Contributing

Thank you for your interest in contributing! Contributions to the project are gladly accepted. We accept the following types of contributions:

  • Bug Reports: Submit a new issue on GitHub reporting a bug with Basilisp. Contributors are encouraged to first search the existing issues to see if the bug has previously been reported or is currently being addressed. Bugs may sometimes be fixed in unreleased code, so be sure to look at the CHANGELOG in the main branch to see if the fix has simply not yet been released.

  • Feature Requests: Submit a new issue on GitHub reporting a feature request. Because Basilisp targets a high degree of compatibility with Clojure, feature requests should generally be for features from Clojure which have not yet been implemented in Basilisp. Occasionally, new features outside of the scope of Clojure compatibility may be covered, in particular if the feature is related to a Python ecosystem affordance.

  • Documentation: Documentation is hard. Basilisp strives to include correct and complete documentation, but disconnects between the code and text do happen. File an issue on GitHub if you find incorrect or incomplete documentation. If you’re feeling brave, consider opening a PR to address this issue as well.

  • PRs: Submit a new pull request fixing an issue, implementing a new feature, or updating some project documentation. Potential contributors are encouraged to reach out to project maintainers first before addressing an issue to ensure that their PR can be reviewed and accepted for an issue. Before opening a PR, please review the documentation on how to develop on Basilisp.

Note

Please note that Basilisp is still a personal project for its maintainers and we make no guarantees of PR review turnaround time or acceptance.

Developing on Basilisp

Requirements

This project uses Poetry to manage the Python virtual environment, project dependencies, and package publication. See the instructions on that repository to install in your local environment. Because Basilisp is intended to be used as a library, no poetry.lock file is committed to the repository. Developers should generate their own lock file and update it regularly during development instead.

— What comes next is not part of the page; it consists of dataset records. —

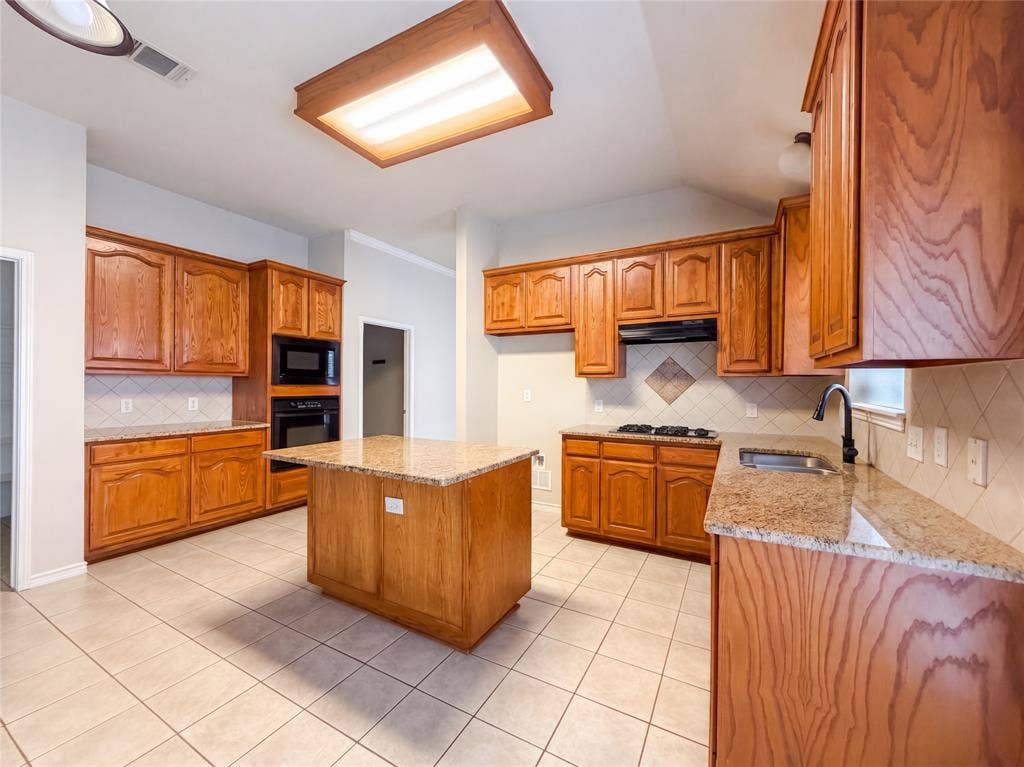 8404 Blacktail Trail, McKinney, TX 75070 8404 Blacktail Trail, McKinney, TX 75070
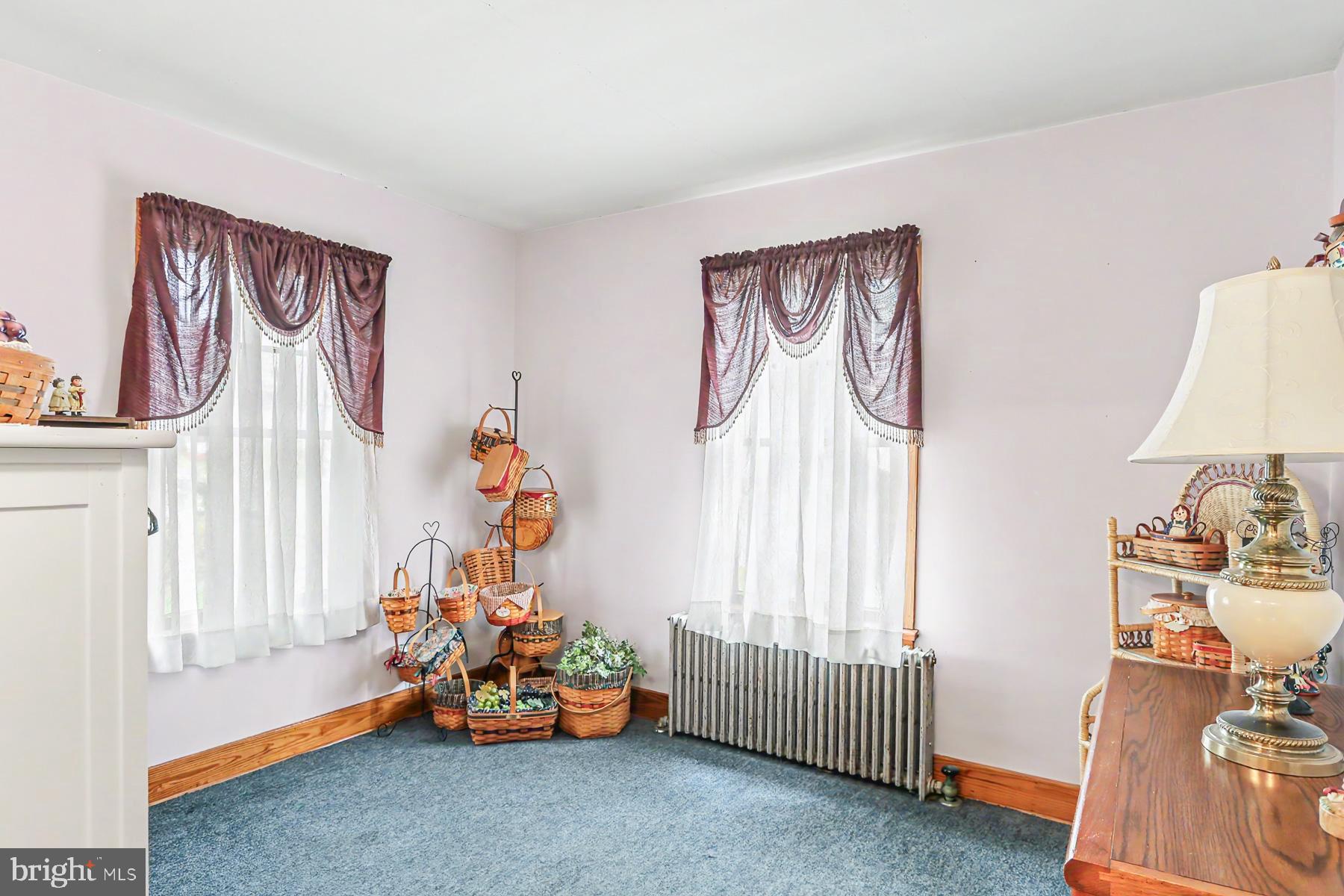 489 Bachmanville Road Hershey, PA 17033 - Photo 19 of 31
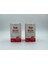 Ocean Microfer 30 Tablet 2 Kutu 1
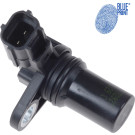 ADM57217 Sensor, Nockenwellenposition ADM57217 Sensor, Nockenwellenposition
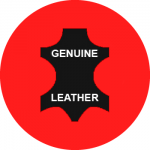 Genuine Leather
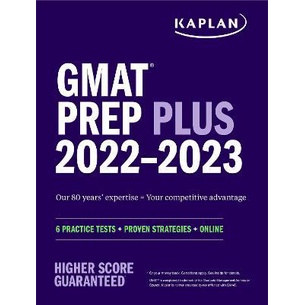 c321-gmat-prep-plus-2022-2023-6-practice-tests-proven-strategies-online-9781506277233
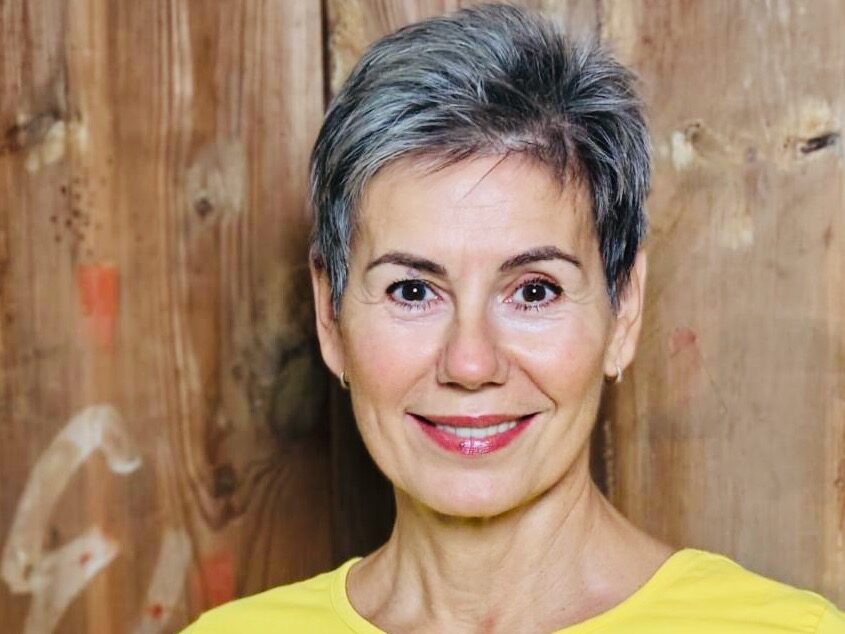 Fade5b62 c3f2 4e59 add6 f62993a64fa7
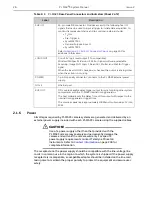 Preview for 26 page of Teledyne Princeton Instruments PI-MAX 3 System Manual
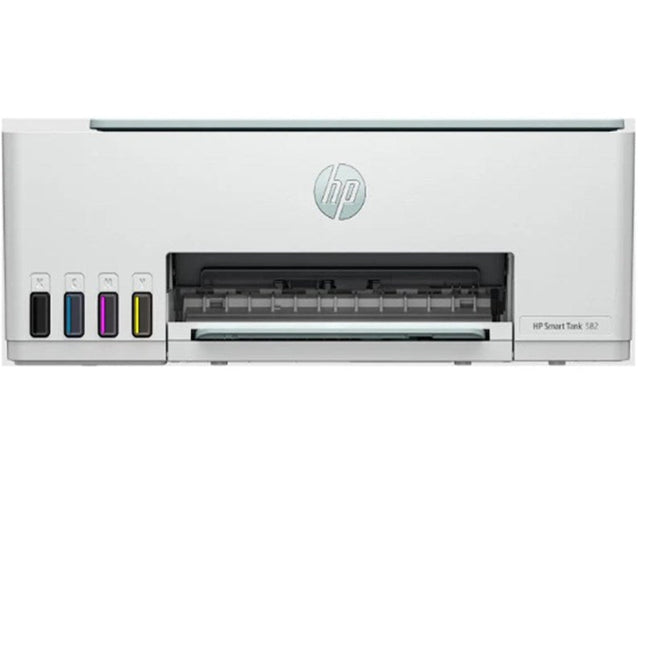 HP Smart Tank 582 All-in-One Printer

Additionally, pyenv is recommended to manage versions of Python readily on your local development environment. Setup of pyenv is somewhat more specific to your environment, so see the documentation in the repository for more information. Developers should install all supported versions of Python and configure them for the project using pyenv local in the Basilisp source directory. The .python-version file is included in the project .gitignore.

Getting Started

To prepare your poetry environment, you need to install dependencies:

poetry install

Afterwards, you can open a new Poetry shell to start up the REPL for development. The make repl target _may_ be sufficient for local development, though developers working on the Basilisp compiler or standard library are encouraged to enable a more verbose set of configurations for detecting issues during development. The command below enables the highest level of logging and disables namespace caching, both of which can help reveal otherwise hidden issues during development.

poetry shell
BASILISP_USE_DEV_LOGGER=true BASILISP_LOGGING_LEVEL=TRACE BASILISP_DO_NOT_CACHE_NAMESPACES=true basilisp repl

Developers working on the Basilisp compiler should periodically update their dependencies to ensure no incompatibilities have been introduced into the codebase with new dependency versions.

poetry update

Linting, Running Tests, and Type Checking

Basilisp automates linting, running tests, and type checking using Tox. All three steps can be performed across all supported versions of CPython using a provided make target:

make check

Likewise, individual steps can be run across all supported verions using their respective targets:

make lint
make test
make type-check

To run a more targeted CI check directly from within the Poetry shell, developers can use tox commands directly. For instance, to run only the tests for basilisp.io on Python 3.12, you could use the following command:

tox run -e py312 -- tests/basilisp/test_io.lpy

Developers are encouraged to investigate the available configurations in tox.ini to determine which CI targets they will have at their disposal.

Testing is performed using PyTest. Type checking is performed by MyPy. Linting is performed using PyLint and Ruff. Formatting is performed using Black.

New code contributions should include test coverage covering all new branches unless otherwise directed by the project maintainers.